**Recorded data:**
★ ★ ★ ★ ★

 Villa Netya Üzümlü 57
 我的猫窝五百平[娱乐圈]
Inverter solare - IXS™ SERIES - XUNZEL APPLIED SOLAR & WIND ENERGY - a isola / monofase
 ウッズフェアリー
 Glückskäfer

★ ★ ★ ★ ★

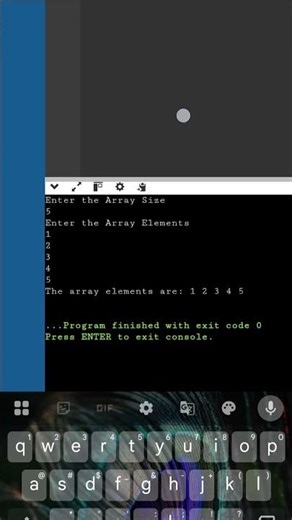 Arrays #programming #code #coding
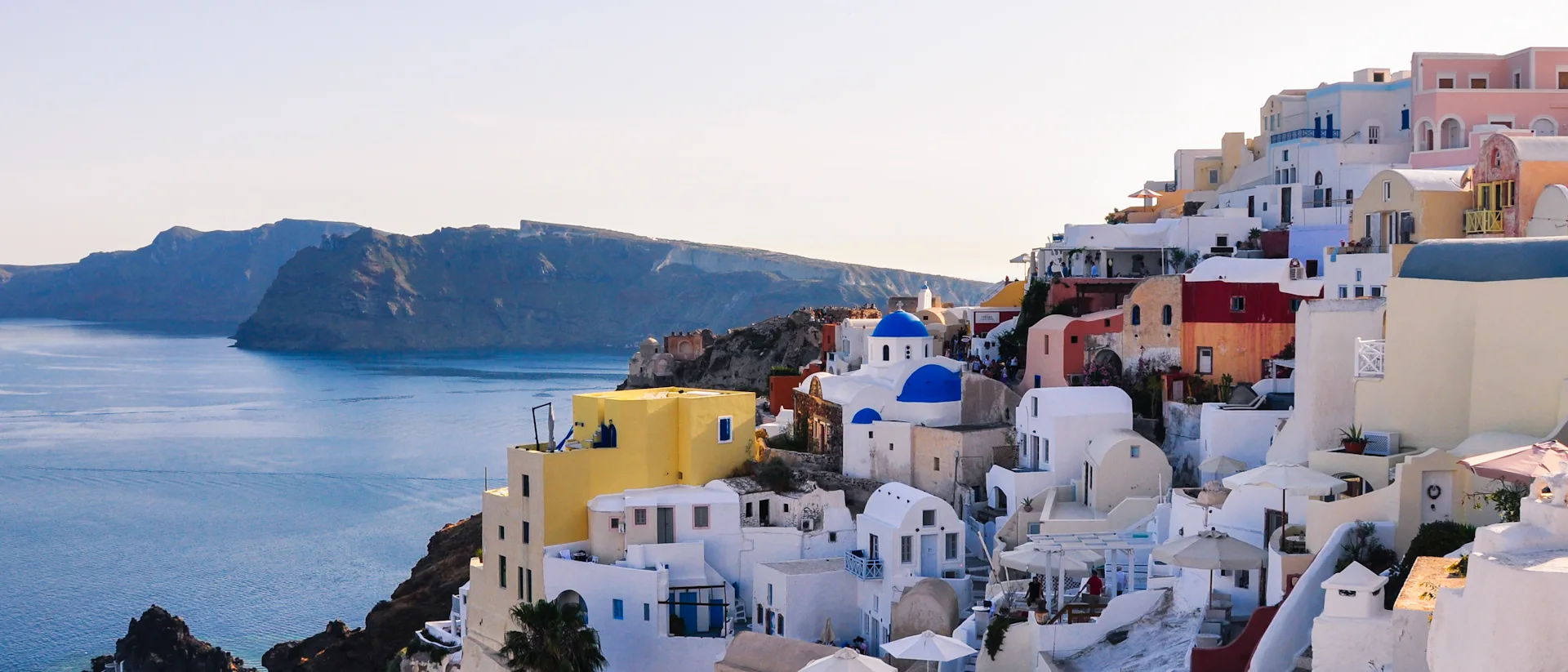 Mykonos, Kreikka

★ ★ ★ ★ ★

**What is expected:**
In the listing above, find the line with "Inverter solare - IXS™" and the line with "Glückskäfer". Output those two lines and every line between them, exactly as written.

**Exercise answer:**
Inverter solare - IXS™ SERIES - XUNZEL APPLIED SOLAR & WIND ENERGY - a isola / monofase
 ウッズフェアリー
 Glückskäfer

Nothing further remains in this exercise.